A Hole in the Head (1959)
Director: Frank Capra
There is no shortage of stories about reaching for the American dream. Willy Loman and Jay Gatsby are two of the 20th century's most self-deluded climbers toward the promised land. Their creators, Arthur Miller and F. Scott Fitzgerald, were men of letters and, significantly, both American. Being born inside the dream, both could see its soft underbelly and weep.
Frank Capra is another matter. A Sicilian, he came to the promised land with his parents in 1903 and became the picture-perfect fulfillment of the American dream on which its native sons had gone sour. His films tend to affirm the greatness of America, where you're never out of the game and where a cynical heart will be reborn before the final frame. People feel good when they finish a Capra film because it is their cynical hearts he is working on, the grateful immigrant boy made good telling his troubled neighbors "you don't know what trouble is. This is paradise!"

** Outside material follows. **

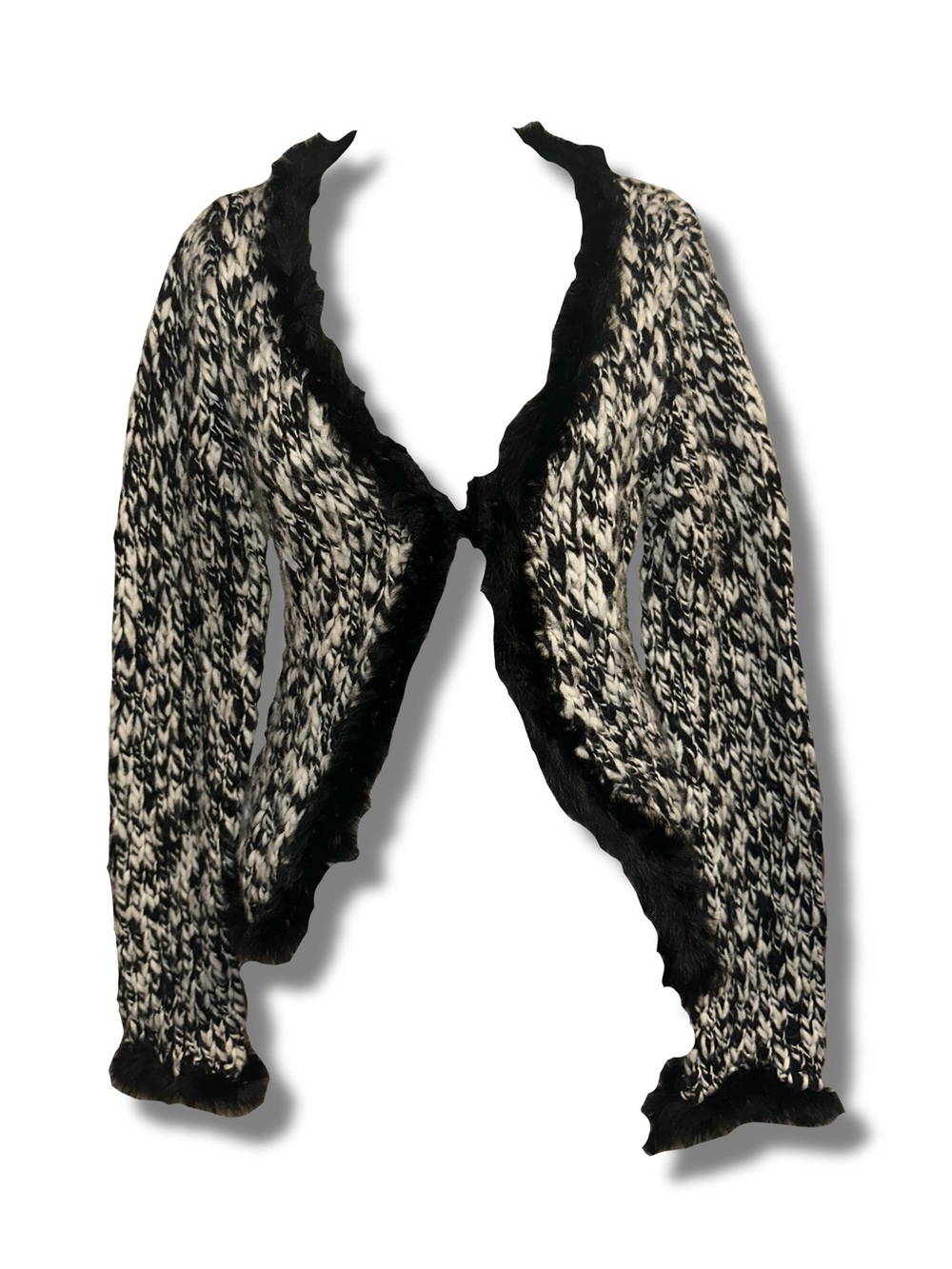 Love Sex Money Chunky Knit Faux? Fur Trim Cardigan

A Hole in the Head is a later entry in the Capra oeuvre, but it has a familiar sound. This is It's a Wonderful Life transposed to Florida. Tony Manetta (Frank Sinatra) is George Bailey's successor as the man who wants more out of life. His ambitions are greater than Bailey's--this film is from the prosperous post-WWII years, after all. Manetta wants to be a big shot. Instead, he's a widower on the verge of being evicted from the rundown hotel he manages. He's got a cute kid/buddy (Eddie Hodges) and a beatnik girlfriend (Carolyn Jones). When all his options fail, he calls his big brother Mario (Edward G. Robinson), a 5-and-dime mogul from New York, to bail him out.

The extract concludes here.